Queen Elizabeth I, who loved pirates (and the money they brought home to England), knighted many of the original Buccaneers.
But when the true Golden Age of Piracy began, the rhetoric changed yet again. Suddenly pirates were “the enemies of God and men” “the scourge of all nations” “savages” and “unnatural.”
The difference was that this time, the people in charge of the raiding, weren’t rich, and for the first time, the entities being robbed were neither nations nor individuals, but corporations. Individuals who are robbed don’t have a lot of recourse, and nations have a certain tolerance for small robberies, since doing something about it requires a lot of work.
Up until this point, raiding had been a rich man’s game. You needed the boat, and weapons, and that ran into a ton of money. Even if you weren’t rich yourself, you could become a pirate by convincing someone to give you command of their boat. So, when the profits were shared out, the owner and the captain got the largest share, and most of the cash stayed in the hands of the “upper crust”.
But corporations – and entities like the English East India Company (who later became powerful enough to maintain their own army and start their own wars) the West Indian Company, the Dutch West India Company, etc were insanely sensitive about being robbed, and they had the political clout to do something about it. They started the rhetoric that still echoes in the image of pirates being “evil” which lives on until this day. Highway robbers like Robin Hood have been romantic figures for a long time. Pirates, not so much.
In addition to ticking off the merchant corporations, early 18th century pirates also won the ire of insurance companies. Yes, almost all of the pirate’s victims had insurance. So, a small-time merchant might be annoyed by being robbed, but it probably wouldn’t ruin him. This may even have figured into the motives of certain pirates. Even today, fleecing an insurance company doesn’t carry the social disapproval of a “real crime”.

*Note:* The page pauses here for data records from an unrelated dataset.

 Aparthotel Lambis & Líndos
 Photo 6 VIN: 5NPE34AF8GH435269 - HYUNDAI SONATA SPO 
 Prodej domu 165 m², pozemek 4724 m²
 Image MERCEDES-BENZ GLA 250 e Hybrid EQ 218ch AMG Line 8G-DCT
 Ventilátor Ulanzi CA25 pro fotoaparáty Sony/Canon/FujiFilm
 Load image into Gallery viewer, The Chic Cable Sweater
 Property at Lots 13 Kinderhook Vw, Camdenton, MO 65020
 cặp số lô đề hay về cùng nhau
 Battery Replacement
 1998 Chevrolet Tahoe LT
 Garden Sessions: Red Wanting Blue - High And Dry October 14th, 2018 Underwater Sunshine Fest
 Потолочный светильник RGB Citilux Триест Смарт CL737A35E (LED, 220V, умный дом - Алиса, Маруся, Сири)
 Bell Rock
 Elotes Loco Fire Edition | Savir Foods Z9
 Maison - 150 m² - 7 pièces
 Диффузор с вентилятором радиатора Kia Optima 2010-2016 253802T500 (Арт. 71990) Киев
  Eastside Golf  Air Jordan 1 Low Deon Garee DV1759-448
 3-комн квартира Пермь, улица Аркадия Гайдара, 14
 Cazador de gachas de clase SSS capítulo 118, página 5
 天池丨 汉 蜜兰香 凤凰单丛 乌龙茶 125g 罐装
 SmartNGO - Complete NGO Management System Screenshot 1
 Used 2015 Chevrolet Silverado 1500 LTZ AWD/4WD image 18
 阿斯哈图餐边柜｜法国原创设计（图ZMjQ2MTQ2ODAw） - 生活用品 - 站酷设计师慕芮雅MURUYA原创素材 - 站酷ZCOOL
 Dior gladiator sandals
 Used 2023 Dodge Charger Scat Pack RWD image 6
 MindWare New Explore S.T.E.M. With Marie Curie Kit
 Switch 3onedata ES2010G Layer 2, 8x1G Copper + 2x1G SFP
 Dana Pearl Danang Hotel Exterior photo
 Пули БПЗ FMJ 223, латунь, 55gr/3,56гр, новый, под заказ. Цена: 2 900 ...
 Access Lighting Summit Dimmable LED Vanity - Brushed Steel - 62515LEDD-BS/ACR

Pirates, usually working-class guys who had been repeatedly screwed by “the system” stood up for themselves when they captured treasure. They did not turn their prizes over to governments or financial backers. They kept it for themselves, and often flaunted laws which said that only people of hereditary wealth could wear certain clothing or eat certain foods.
When the powers that be saw “peasants” acting like they had just as much right to nice clothing and good food as rich folks, they went berserk. “God” had decided that certain people deserved to be rich, and He had showed His choices by making those people rich himself. That uneducated men, with no family connections or social standing should suddenly proclaim that they had just as much money as the next guy overturned a world-view that had stood for millennia.
Of course, pirates were not the only ones who were fighting this fight. On land, people displaced by their landlords, workers whose wages had been reduced to below poverty wages, mistreated apprentices, and others combined into riotous mobs and fought for their rights.
The English government, influenced by the newly prosperous middle class, and by corporations and merchant associations, tried to control the lower classes by the use of harsher and harsher penalties, until well over two hundred crimes were punishable by death. It did not have much effect.
Being a pirate, helping pirates, and doing business with pirates was all illegal, but the penalties fell harshest on the deckhand level pirates that the authorities happened to catch. The authorities simply could not stand poor people who claimed to be just as good as the rich folks around them.
Many rich people still can’t. Statements like “Those laws don’t apply to us,” “Everyone can be rich if they just work hard enough,” and “Forty seven percent of people just want handouts,” prove that there’s nothing a rich person hates more than a poor person who wants to be equal.